Take the line containing "Inuovo Stiefelette Leder" as the first and the last line of the records below as the end, and please set down only what lies between them exactly, both ends included.

'''

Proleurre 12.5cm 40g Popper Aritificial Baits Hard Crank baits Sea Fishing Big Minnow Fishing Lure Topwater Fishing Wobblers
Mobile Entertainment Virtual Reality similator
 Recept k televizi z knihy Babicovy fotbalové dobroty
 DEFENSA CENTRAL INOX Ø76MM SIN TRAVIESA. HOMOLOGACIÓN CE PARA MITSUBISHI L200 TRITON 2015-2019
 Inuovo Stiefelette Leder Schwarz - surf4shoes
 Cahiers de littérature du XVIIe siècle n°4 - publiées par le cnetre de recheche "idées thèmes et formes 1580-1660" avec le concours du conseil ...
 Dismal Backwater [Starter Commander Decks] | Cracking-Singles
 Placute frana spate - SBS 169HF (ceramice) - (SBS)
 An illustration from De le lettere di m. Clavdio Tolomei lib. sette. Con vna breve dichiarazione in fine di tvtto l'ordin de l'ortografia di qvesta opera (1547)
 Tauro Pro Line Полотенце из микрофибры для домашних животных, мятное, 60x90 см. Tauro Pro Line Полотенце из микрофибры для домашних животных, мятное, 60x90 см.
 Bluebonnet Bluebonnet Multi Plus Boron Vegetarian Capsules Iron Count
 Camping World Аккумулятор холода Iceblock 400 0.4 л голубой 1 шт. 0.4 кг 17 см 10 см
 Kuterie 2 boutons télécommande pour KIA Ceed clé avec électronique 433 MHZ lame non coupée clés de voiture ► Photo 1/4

'''

◆ Answer to the problem
 Inuovo Stiefelette Leder Schwarz - surf4shoes
 Cahiers de littérature du XVIIe siècle n°4 - publiées par le cnetre de recheche "idées thèmes et formes 1580-1660" avec le concours du conseil ...
 Dismal Backwater [Starter Commander Decks] | Cracking-Singles
 Placute frana spate - SBS 169HF (ceramice) - (SBS)
 An illustration from De le lettere di m. Clavdio Tolomei lib. sette. Con vna breve dichiarazione in fine di tvtto l'ordin de l'ortografia di qvesta opera (1547)
 Tauro Pro Line Полотенце из микрофибры для домашних животных, мятное, 60x90 см. Tauro Pro Line Полотенце из микрофибры для домашних животных, мятное, 60x90 см.
 Bluebonnet Bluebonnet Multi Plus Boron Vegetarian Capsules Iron Count
 Camping World Аккумулятор холода Iceblock 400 0.4 л голубой 1 шт. 0.4 кг 17 см 10 см
 Kuterie 2 boutons télécommande pour KIA Ceed clé avec électronique 433 MHZ lame non coupée clés de voiture ► Photo 1/4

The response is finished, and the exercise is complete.